A hurricane warning has been issued for New Orleans as tropical storm Nate continued to move north through the western Caribbean Sea, causing multiple deaths and damage in parts of Central America.
The Yucatan peninsula in Mexico on Friday evening was braced for Nate's arrival, with high "winds, storm surge and heavy rainfall" expected, the Washington-based National Hurricane Centre (NHC) said.
The NHC warned of "life-threatening storm surge flooding" along areas of the northern Gulf Coast in Louisiana and Florida, and that residents "should heed any evacuation instructions", reports Efe news.
Authorities have also alerted residents from Louisiana to Alabama to urgently complete "preparations to protect life and property".
The storm is forecast to bring rainfall of 3 to 6 inches, with isolated totals of 10 inches in areas from the central Gulf Coast into the southern Appalachians in Virginia.
Nate has steadily gained in strength as it moves through the western Caribbean and Central America, triggering flash floods and landslides in areas of Nicaragua, Honduras, Costa Rica, Panama and Belize. At least 26 people have died, and several were reported missing.

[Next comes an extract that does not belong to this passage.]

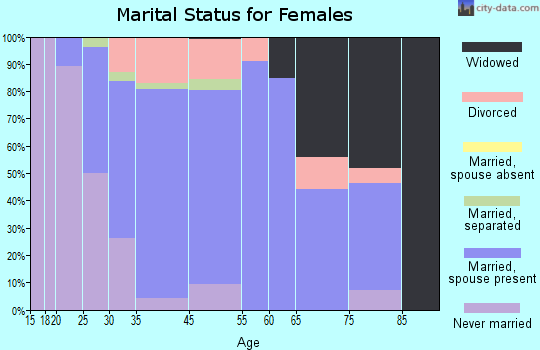 North Westport marital status for females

Some 500,000 people in Costa Rica were without access to safe drinking water. Nearly 18,500 households were left without electricity.
"Due to the size of the event there are a great number of places that are isolated. There is total destruction of bridges, collapses, landslides that have destroyed significant parts of roads or blocked them," President Luis Guillermo Solis told reporters.
"We have people trapped in vehicles, who are in good health, but we have not been able to evacuate them because of the conditions."
The Red Cross has been working to rescue as many as 60 people who remain stuck in buses and cars on a mountainous stretch of the Inter-American Highway.